■ Exercise details
Examine the data below and state how many lines contain "Table", offering no other words.

■ Records shown
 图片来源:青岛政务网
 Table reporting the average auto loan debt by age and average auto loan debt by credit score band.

---

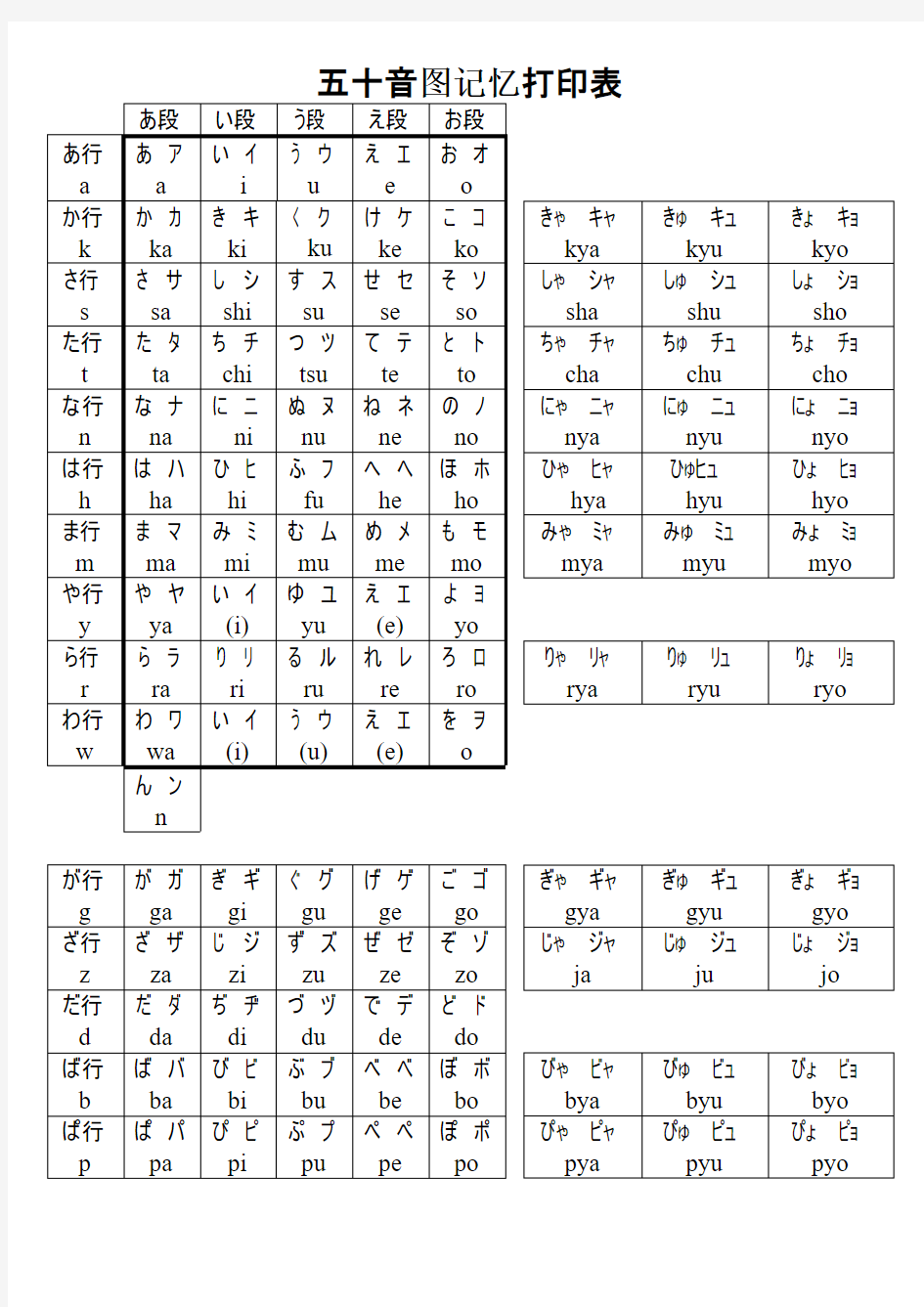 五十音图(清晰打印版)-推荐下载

...

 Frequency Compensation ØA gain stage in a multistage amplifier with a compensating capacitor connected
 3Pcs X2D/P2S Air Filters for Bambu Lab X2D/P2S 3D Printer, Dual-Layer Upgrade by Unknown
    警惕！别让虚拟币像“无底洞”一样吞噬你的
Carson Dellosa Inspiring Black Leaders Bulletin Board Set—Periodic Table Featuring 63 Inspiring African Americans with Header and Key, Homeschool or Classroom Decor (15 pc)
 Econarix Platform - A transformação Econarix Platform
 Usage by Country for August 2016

■ Answer section
2